Everybody attaches a small rucksack to the original Spice, renames it somewhat and then sleeps on it like the dragon on his pile of gold. And no one but LT makes any impact in user land, no one gets rich, and no one can collect the good ideas and can concentrate them in one open version so the next bright guy can build upon that.
LTspice leeches the blood out of any other development.
Maybe I should move on to NGspice or Xspice or QUCS, as an investment into the future.
There is enough to do: s-parameters, large signal noise analysis, contemporary transistor models, electromagnetics, strip lines, harmonic balance, functional blocks, using CUDA etc. There is so much that AWR, Genesys, ADS & friends can do and that Spice cannot.

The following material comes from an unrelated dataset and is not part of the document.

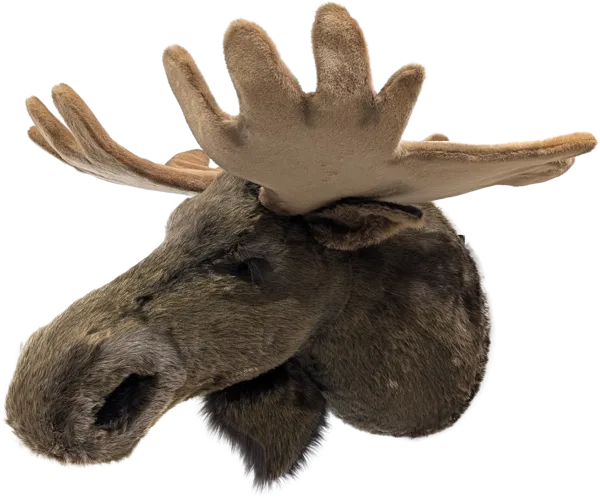 Display, Wall Hanging Moose Head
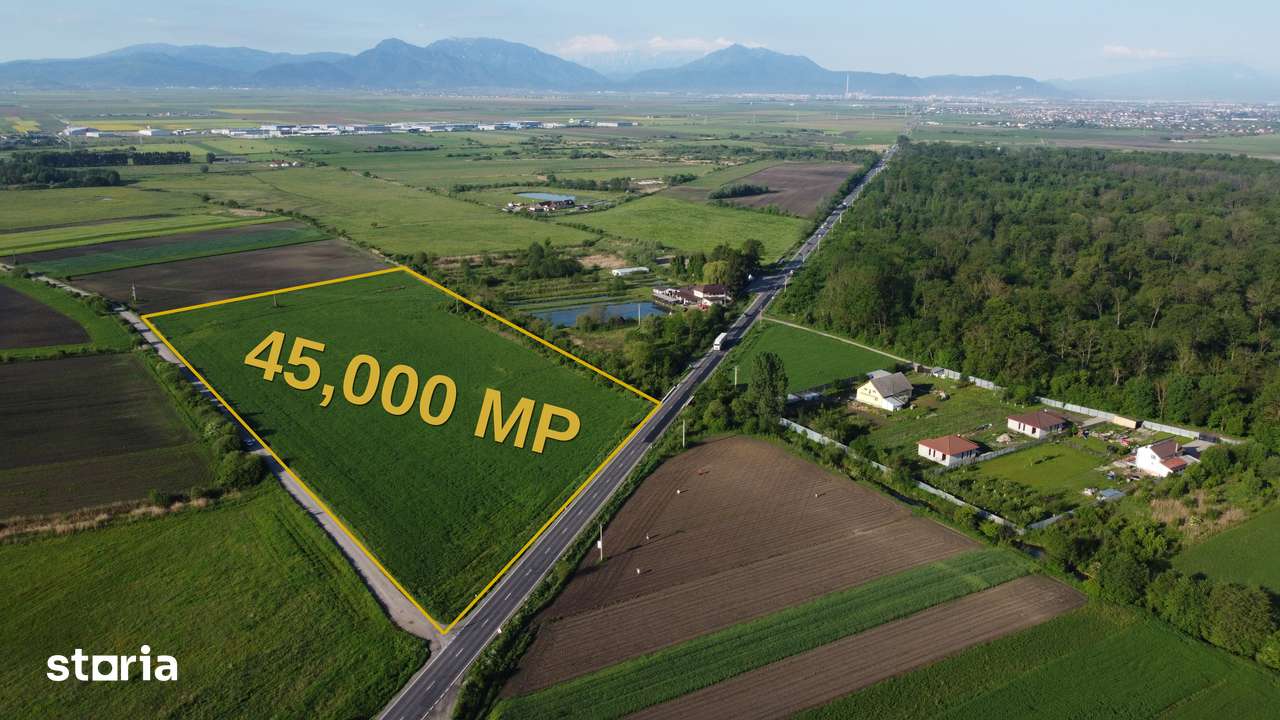 TEREN 45.000 MP | PUZ APROBAT | 156 M FRONT DN11 | PREJMER - BRASOV - Imagine principală: 5/8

I agree. There is next to no incentive for any company to develop a spice for non ic design applications.
NGSpice is a very good choice. It includes XSpice anyway. Its got quite a lot of good new stuff. There are even smutterings of adding PSS.
I wrote SS to give me personally, in part, affordable ic design features. Worst Case corner support on its own, for me, is justification to never use LTSpice. Nothing I do has any meaning without ensuring it will work over all process corners.
As far as development in XSpice, if anyone wants my MS VC++ full code of my XSpice version for free, just ask. I consider my value added is my GUI.
That's my main bitch about LTSpice: the GUI. The circuits look butt-ugly IMO. I did test a lot of other flavours of Spice out back in the day and they nearly ALL had much nicer user interfaces than LT; some really pretty. Still, you can't complain too much about something that works pretty damn well and costs nothing!